### Given data
**********

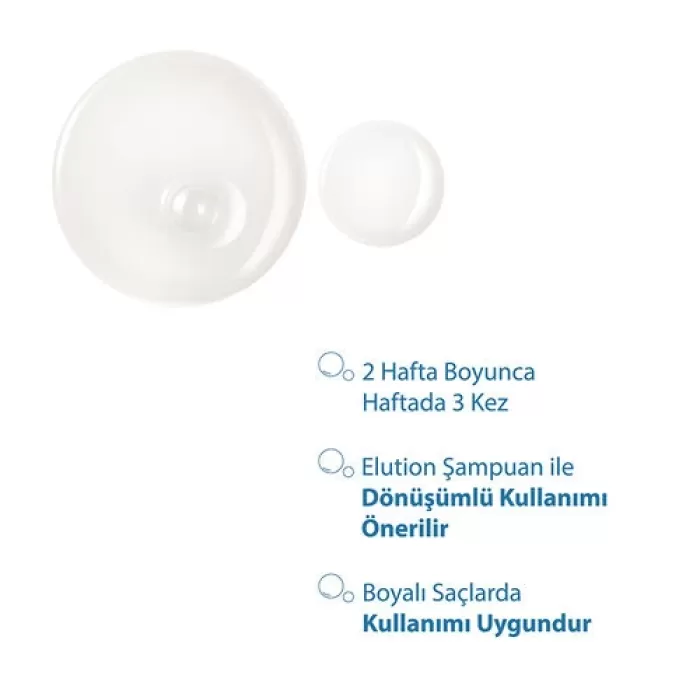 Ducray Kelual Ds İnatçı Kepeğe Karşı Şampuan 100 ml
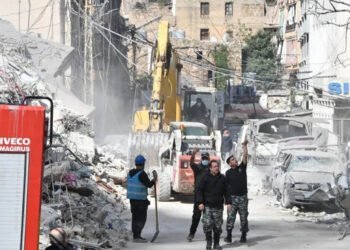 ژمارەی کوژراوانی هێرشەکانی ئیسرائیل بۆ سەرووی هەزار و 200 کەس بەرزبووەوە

**********

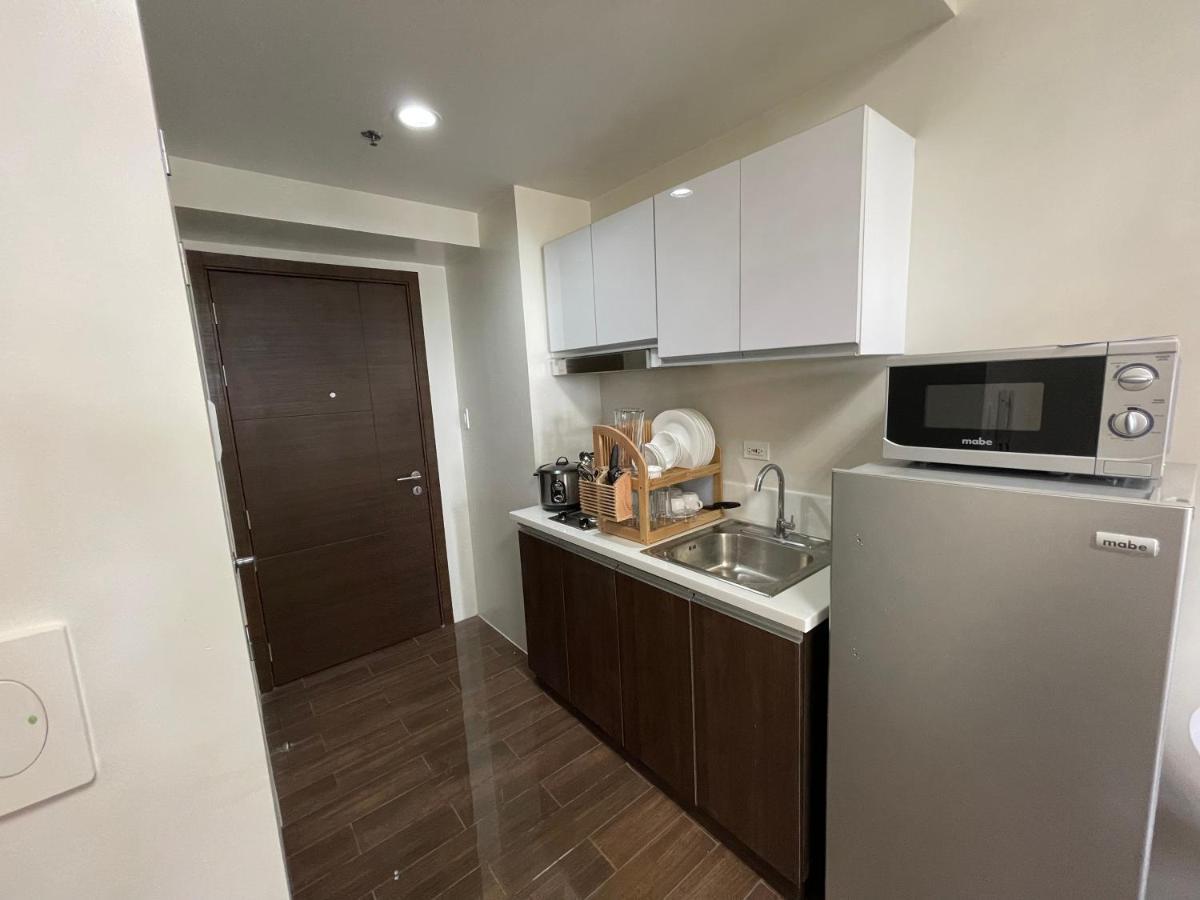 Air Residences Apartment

**********

### What this task involves
Please set down, exactly and with no pictures, the lines in the entries above starting at the one holding "Ducray Kelual Ds" and ending at the one holding "ژمارەی کوژراوانی هێرشەکانی", ends included.

### Task answer
 Ducray Kelual Ds İnatçı Kepeğe Karşı Şampuan 100 ml
 ژمارەی کوژراوانی هێرشەکانی ئیسرائیل بۆ سەرووی هەزار و 200 کەس بەرزبووەوە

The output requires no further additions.